Mi mancano i riferimenti culturali della mia vita di tutti i giorni. È strano, questo silenzio mi rimbomba nelle orecchie e faccio fatica ad abituarmici, a scordare il caos della mia vita di tutti i giorni. Queste abitazioni sono ormai state trasformate in ricoveri per l’agricoltura e la pesca; alcune sono diventate ristoranti per turisti. Ed è proprio in una di queste case in cui la guida ci porta a mangiare: ottimo pesce alla griglia gustato su di un pontile in legno sospeso sul mare.
Proseguendo la navigazione mi accorgo che non c’è un carattere delle Incoronate che prevalga sull’altro, ed è forse per questo che sono così capaci di coinvolgere e stupire nella loro genuina immobilità.
Vivo e sento la forza primordiale della natura che qui regna sovrana. Queste isole mi hanno in qualche modo assorbita. Forse è questa sensazione che le rende così uniche ai viaggiatori che solcano i loro mari.
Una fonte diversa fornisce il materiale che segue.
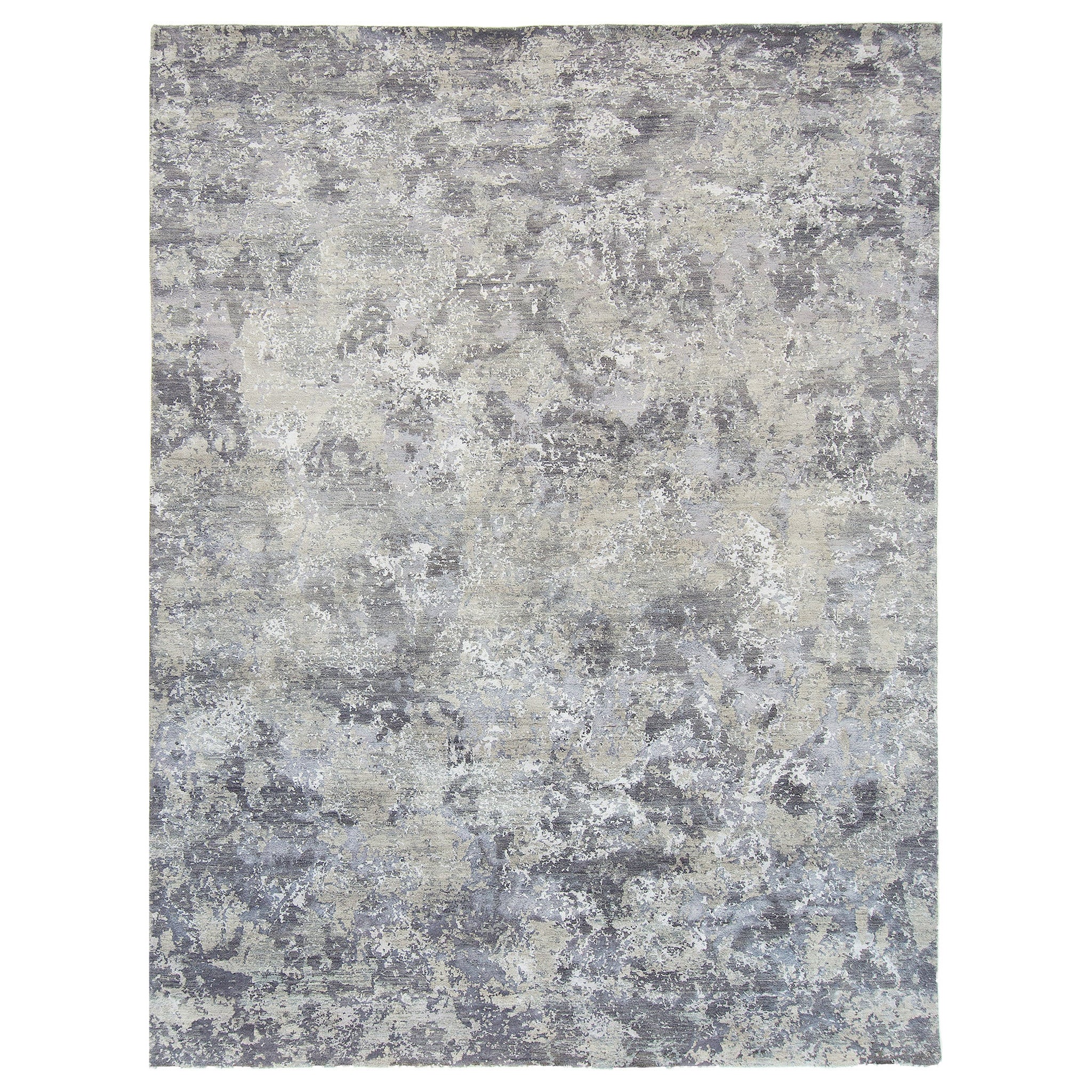 Mehraban Modern Design Rugs collezione Mezzo in lana e seta goffrata Misto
È difficile da spiegare, ma si diventa frammento di quelle lacrime di stelle, piante dalle stelle disperate dall’abbandono di Dio della Terra.
Una leggenda che regala ancora più fascino all’arcipelago narra che le Incoronate siano nate da un pugno di rocce avanzate dopo la Creazione gettate da Dio in mare. Contento del risultato decise di lasciarle là com’erano a suggello della sua opera.
Trascorro un pomeriggio incantevole tra questi isolotti dalle forme e nomi strani; ammirandole capisco che sono belle proprio perché si mostrano senza artifici e pretese.
La giornata si sta concludendo e faccio ritorno all’aliscafo. Ho esplorato solo una piccola parte dell’arcipelago (quella più a nord): per vederlo tutto servirebbero una barca propria e almeno tre giorni continuati di navigazione. Comunque, porto dentro di me immagini e sensazioni profonde di questi scenari mozzafiato che per la loro aspra bellezza hanno lasciato un segno nel cuore.
Mi riprometto di trovare il tempo per conoscere più a fondo questo labirinto di rocce e mare, e di cercare anche il coraggio di affrontare questo viaggio che grazie al suo silenzio mi potrebbe aiutare a scavare dentro…ma questo è tutto un altro discorso.